Hurricane Sandy took a heavy toll on sewage treatment plants throughout NYC and the surrounding area, resulting in an unfathomable amount of untreated sewage pumping into surrounding waterways. Six sewage plants in the New York region shut down completely during the storm, and weeks later some were still dumping untreated sewage into the water. Today the Times files a must-read dispatch from the sprawling Bay Park plant on Long Island, off Hewlett Bay near the NYC border. Here some 40 percent of Nassau County's sewage is treated—and it's where "the largest sewage release in the history of Long Island" occurred.
The Times reports that during the 50 hours that Bay Park was shut down, 200 million gallons of raw sewage flowed into Raritan Bay and New York waterways. The EPA has detected dangerously high levels of fecal chloroform, and is urging everyone to avoid contact with the water and to abstain from eating shellfish. The nearby town of Baldwin was particularly affected by the catastrophe, and the Times reports:
In one low-lying neighborhood, a plume of feces and wastewater burst through the street like a geyser... The smell of excrement still hung over the tidy neighborhood this week as workers in white hazmat suits tried to decontaminate homes. Sewage, mixed with four- to five-foot-high floodwaters, infiltrated floors and walls, and many homes must be stripped to their wooden frames to be fully decontaminated.
Residents said they were unsure whether their homes could be salvaged, or even whether they were safe to enter. If allowed to remain in walls and between floorboards, raw sewage can breed diseases like salmonella, hepatitis A and giardia, said Vince Radke, a sanitarian at the Centers For Disease Control and Prevention.

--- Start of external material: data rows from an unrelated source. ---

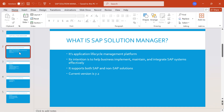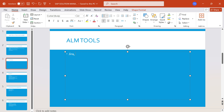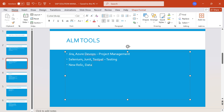Let me note down the other tools for your reference. For project management: Jira and Azure DevOps. For testing: Selenium, which is open source, JUnit, and TestPilot — these are ALM tools for testing. For monitoring, we have tools like New Relic, Datadog, and Splunk. For version control, we have Git, GitHub, and Bitbucket.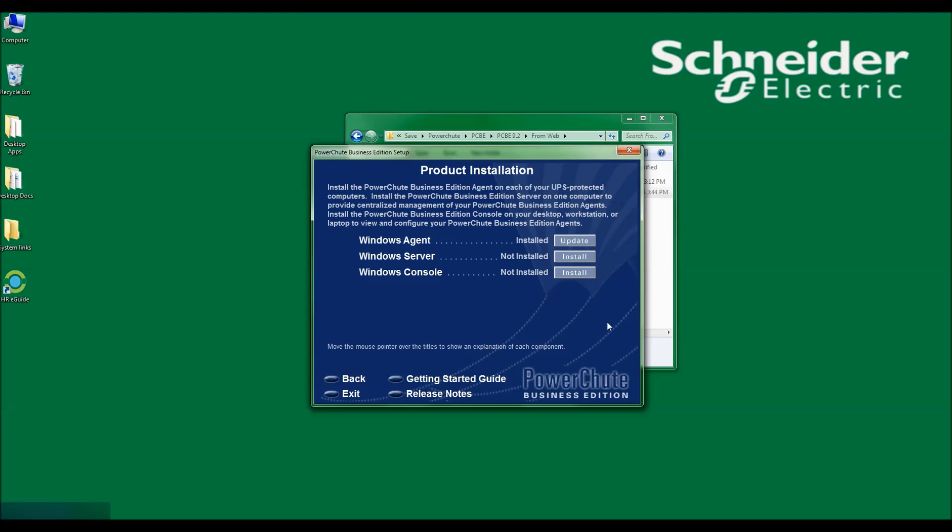I will now click Exit to exit out of the installer. As I mentioned earlier, when I launched the installer, files were uncompressed to the default system temp folder. When I click Exit to exit out of the installer, those files will be deleted.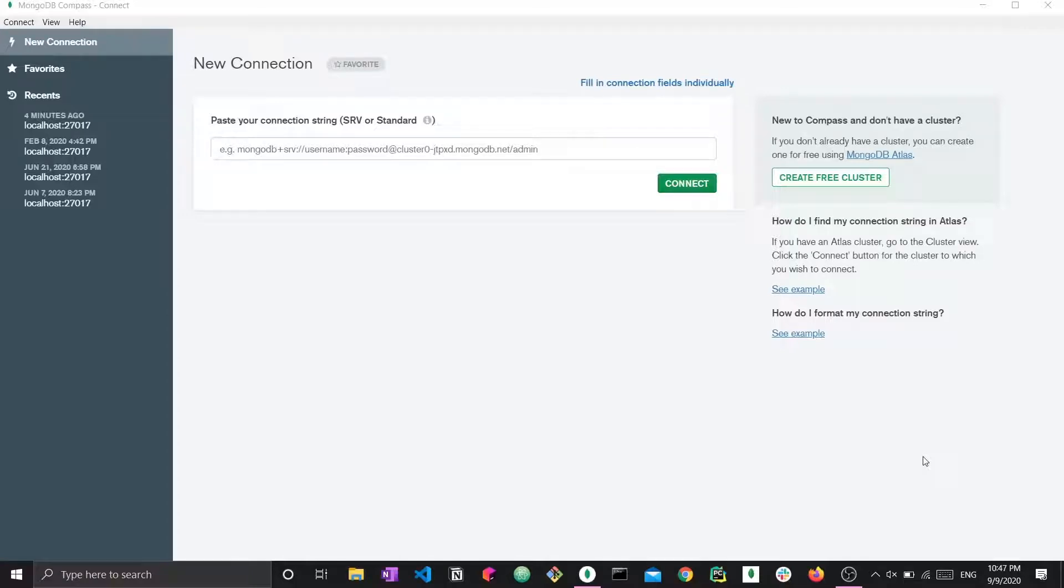Hi everyone, welcome to a brand new video. This is actually a short video detailing a specific feature of MongoDB Compass.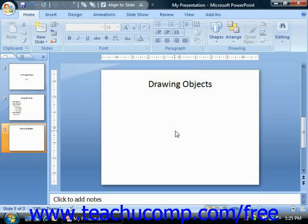Next we will examine how to insert and format Word Art. Word Art is text that is created and formatted as if it were a shape. Therefore you can use many of the same formatting techniques and styles that you used when formatting your shapes and your clip art.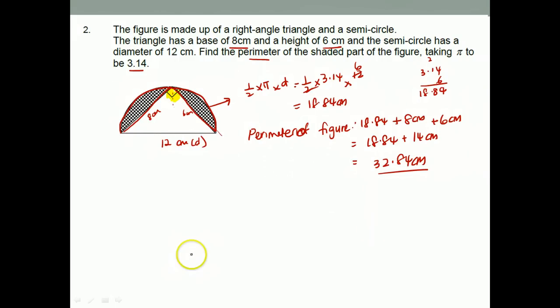We have come to the end of the solutions to our circle problems in our revision booklet. Goodbye.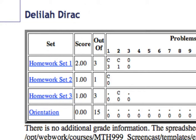The entries off to the side show that she got the first and second problems correct, because they are marked with a C. She attempted the first problem 3 times, and the second problem 1 time. But she got the third problem wrong.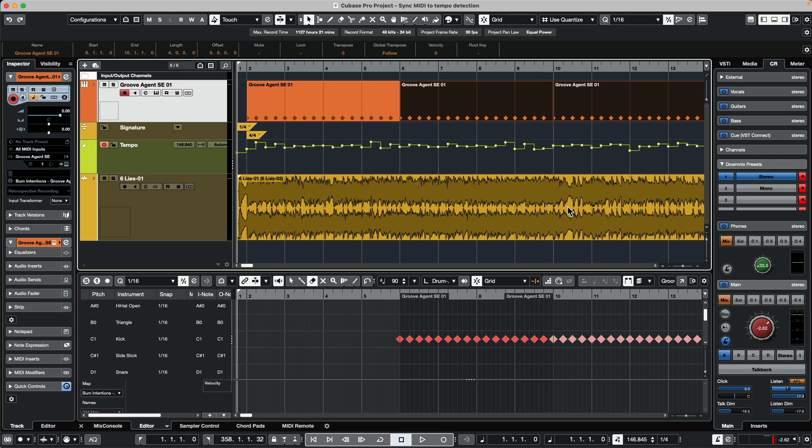So now you can see how easy it is to align pre-existing MIDI events to the grid based on the timing of an imported audio file. If you have found this video helpful, please feel free to like the video and subscribe to the channel.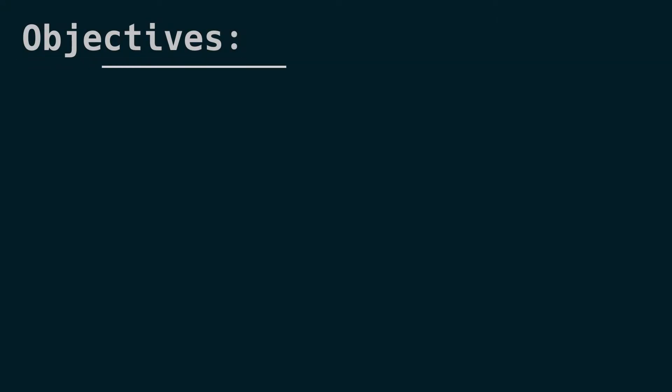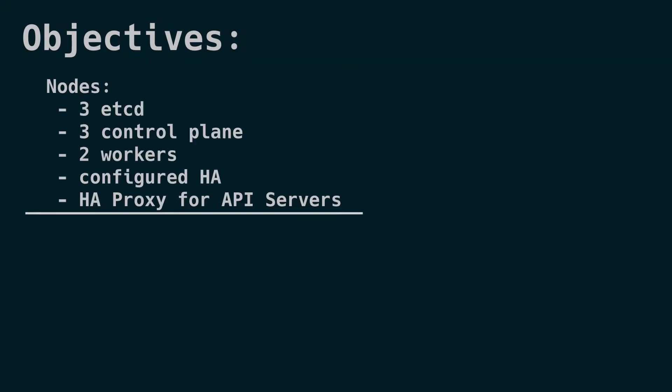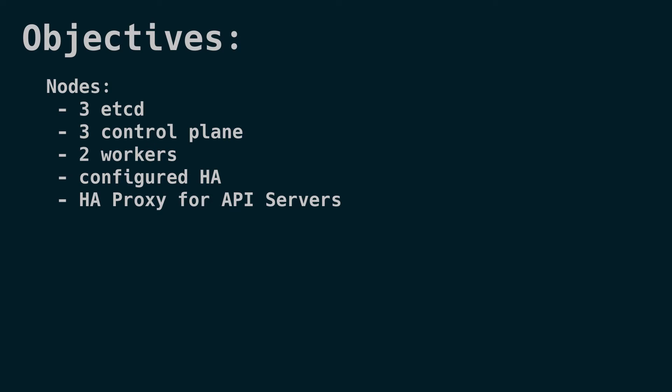So let's get started. For our nodes, you'll notice three nodes of etcd, the control plane, and the load balancers. These types of configurations will give us the minimum for a highly available cluster. You can always run your redundancy with sizes of five, seven, and nine, but more on the pros and cons of those configurations later.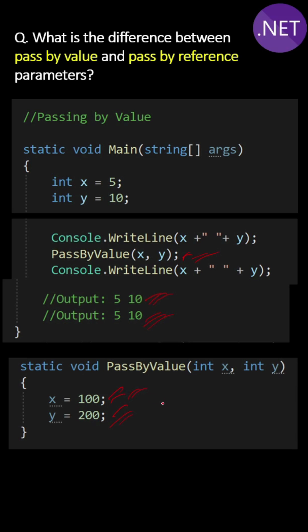The reason is in pass by value only the values are passed, but variable address in memory is changed, which means this x and the above x are different variables in memory.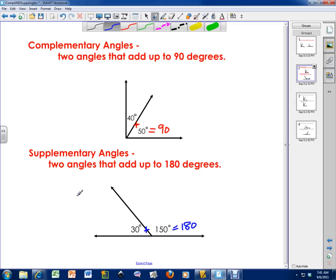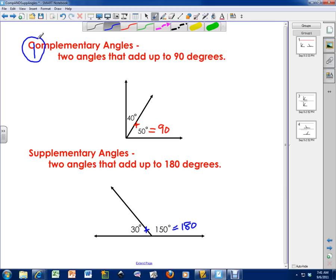So I've got two words: complementary and supplementary. These two words are fairly long and they almost mean the same thing. So what is a simple way to remember that one is for adding up to 90 degrees and one is for adding up to 180 degrees? Well, I was taught this neat trick. If you were to draw a line down to the C, you get a 9. If you put it next to the O, you get 90. So complementary angles add up to 90 degrees.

For reference, here's video of one of those fecal geysers in Baldwin:
Read the whole upsetting article for yourself. The takeaway is that officials estimate that it will take $1.1 billion just to repair treatment plants, and then an untold sum to prepare them for future hurricanes. Let's not forget that Sandy was just a Category 1 storm. John Cameron, an engineer who specializes in wastewater-treatment facilities and is the chairman of the Long Island Regional Planning Council, tells the Times, "There is no Band-Aid for this. This is the new normal."